**To do**.
Copy, with no pictures, the line that contains "You're going to" and each line after it down to the end of the entries below, exactly.

··········

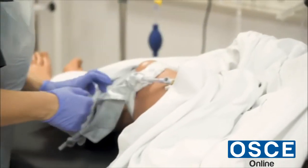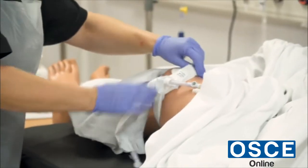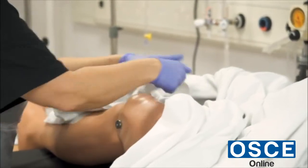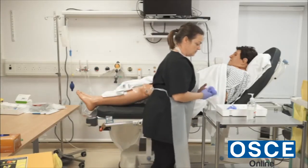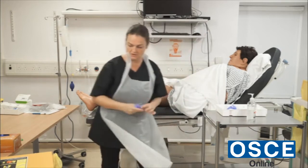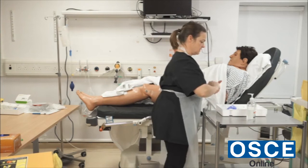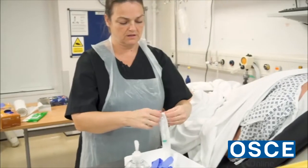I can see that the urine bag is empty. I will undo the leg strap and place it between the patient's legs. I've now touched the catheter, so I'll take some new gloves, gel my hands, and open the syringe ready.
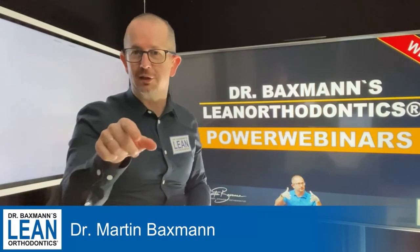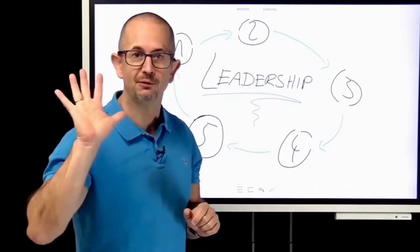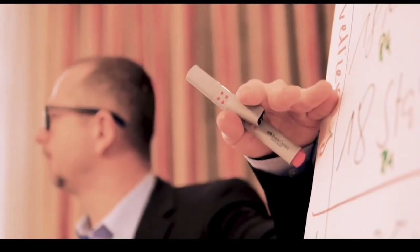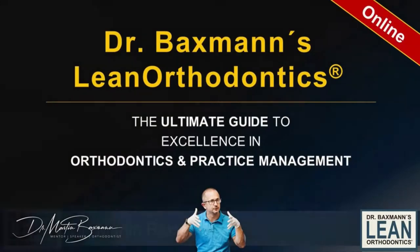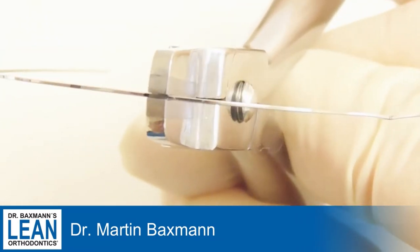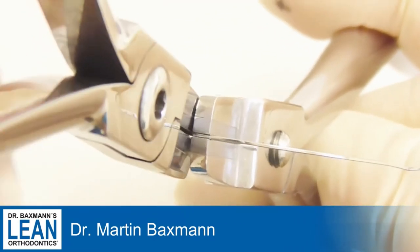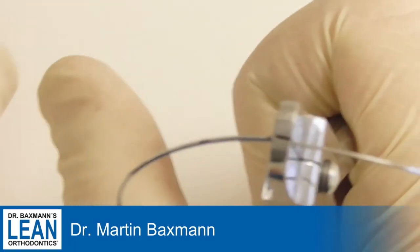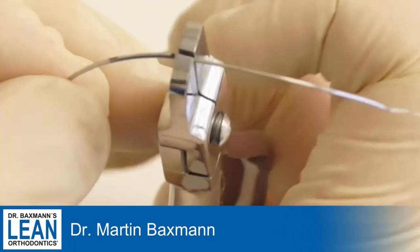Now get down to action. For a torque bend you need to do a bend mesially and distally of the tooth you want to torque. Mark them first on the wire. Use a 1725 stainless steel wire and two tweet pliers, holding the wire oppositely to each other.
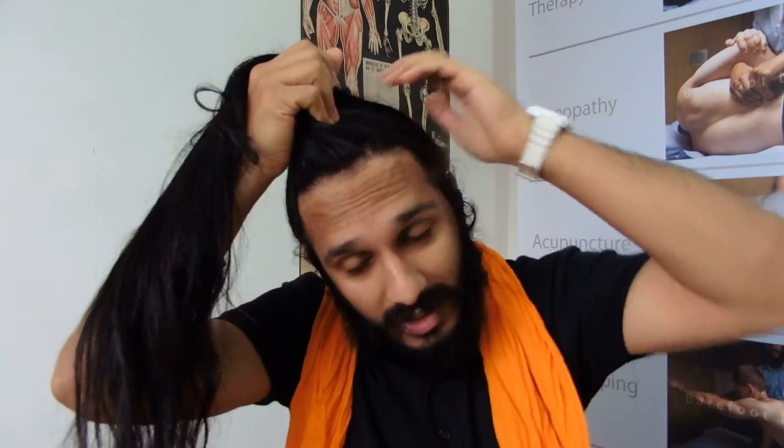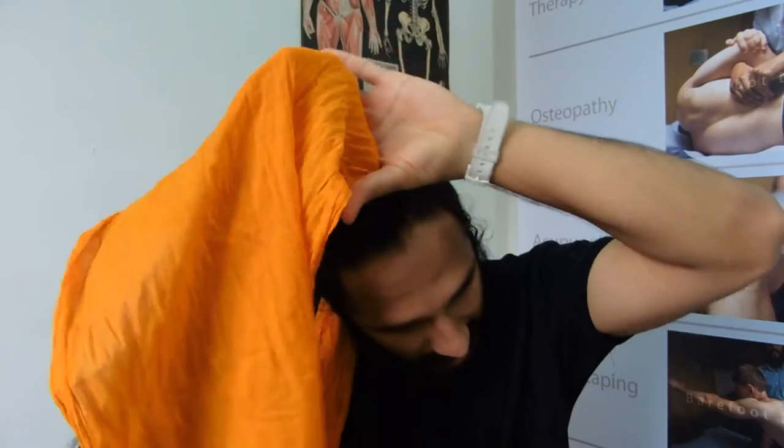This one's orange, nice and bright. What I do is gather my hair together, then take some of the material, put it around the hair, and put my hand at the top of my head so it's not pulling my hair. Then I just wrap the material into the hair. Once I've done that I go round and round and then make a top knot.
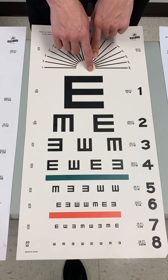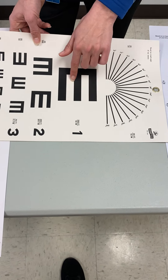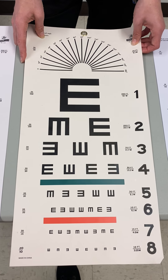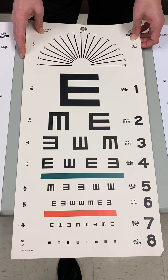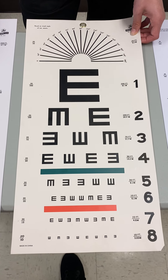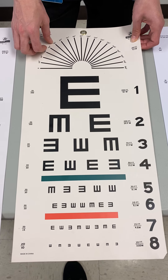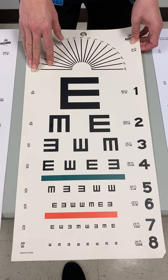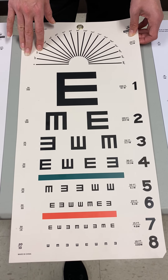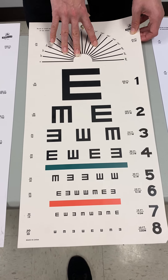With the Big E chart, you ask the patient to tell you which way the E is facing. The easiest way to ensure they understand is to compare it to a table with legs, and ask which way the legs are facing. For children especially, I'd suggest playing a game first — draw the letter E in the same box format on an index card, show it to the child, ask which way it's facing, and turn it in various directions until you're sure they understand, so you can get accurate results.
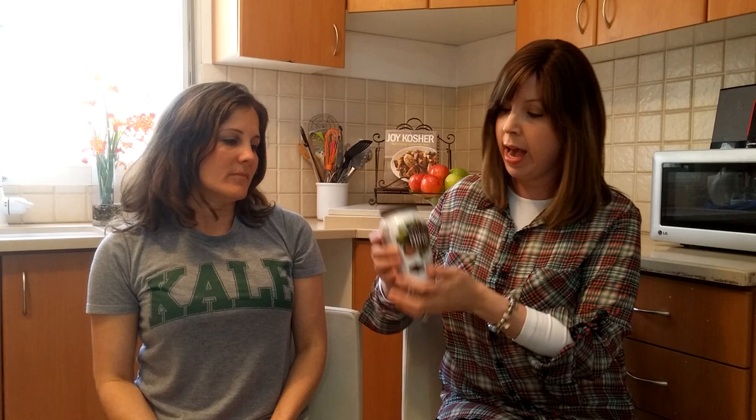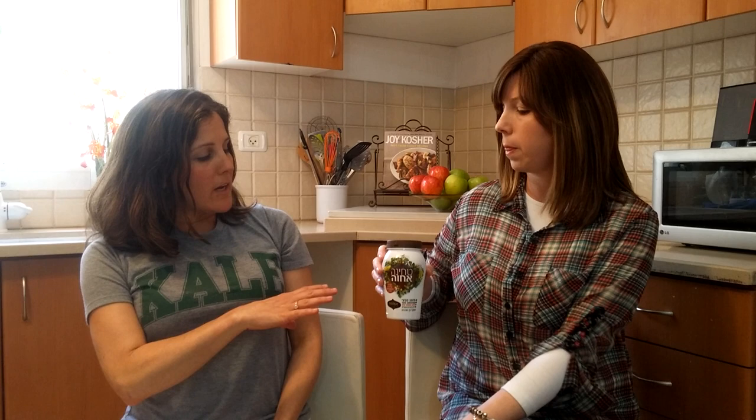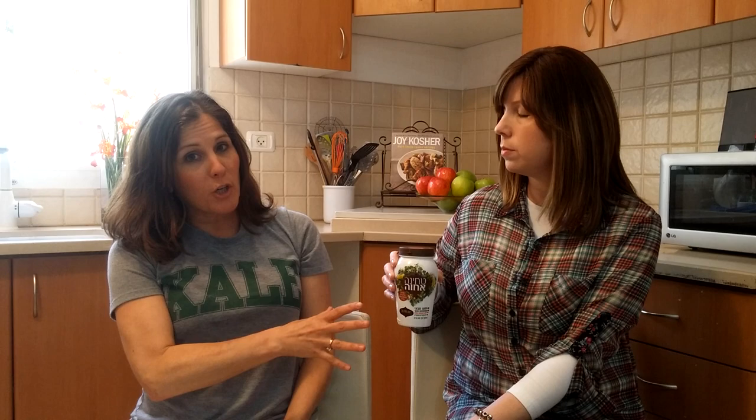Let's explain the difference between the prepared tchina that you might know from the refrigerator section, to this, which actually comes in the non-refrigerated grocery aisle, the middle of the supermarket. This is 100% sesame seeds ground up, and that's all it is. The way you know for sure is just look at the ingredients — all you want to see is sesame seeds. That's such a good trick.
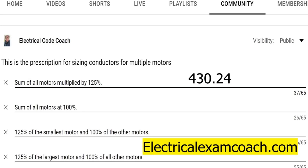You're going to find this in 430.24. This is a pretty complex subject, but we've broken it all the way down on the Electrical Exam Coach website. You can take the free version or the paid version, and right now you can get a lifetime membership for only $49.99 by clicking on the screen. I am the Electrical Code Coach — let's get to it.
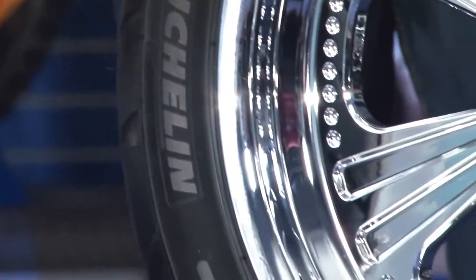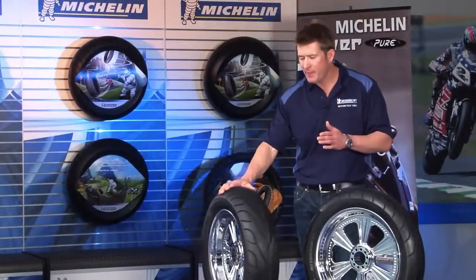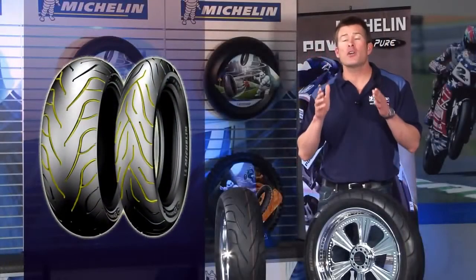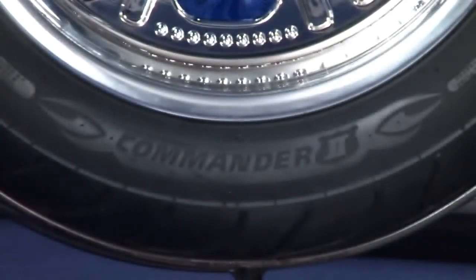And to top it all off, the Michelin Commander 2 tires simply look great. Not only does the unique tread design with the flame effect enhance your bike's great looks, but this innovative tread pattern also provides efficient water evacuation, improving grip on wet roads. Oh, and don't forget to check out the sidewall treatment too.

··········

**Solution to the exercise**.
You're going to find this in 430.24. This is a pretty complex subject, but we've broken it all the way down on the Electrical Exam Coach website. You can take the free version or the paid version, and right now you can get a lifetime membership for only $49.99 by clicking on the screen. I am the Electrical Code Coach — let's get to it.
And to top it all off, the Michelin Commander 2 tires simply look great. Not only does the unique tread design with the flame effect enhance your bike's great looks, but this innovative tread pattern also provides efficient water evacuation, improving grip on wet roads. Oh, and don't forget to check out the sidewall treatment too.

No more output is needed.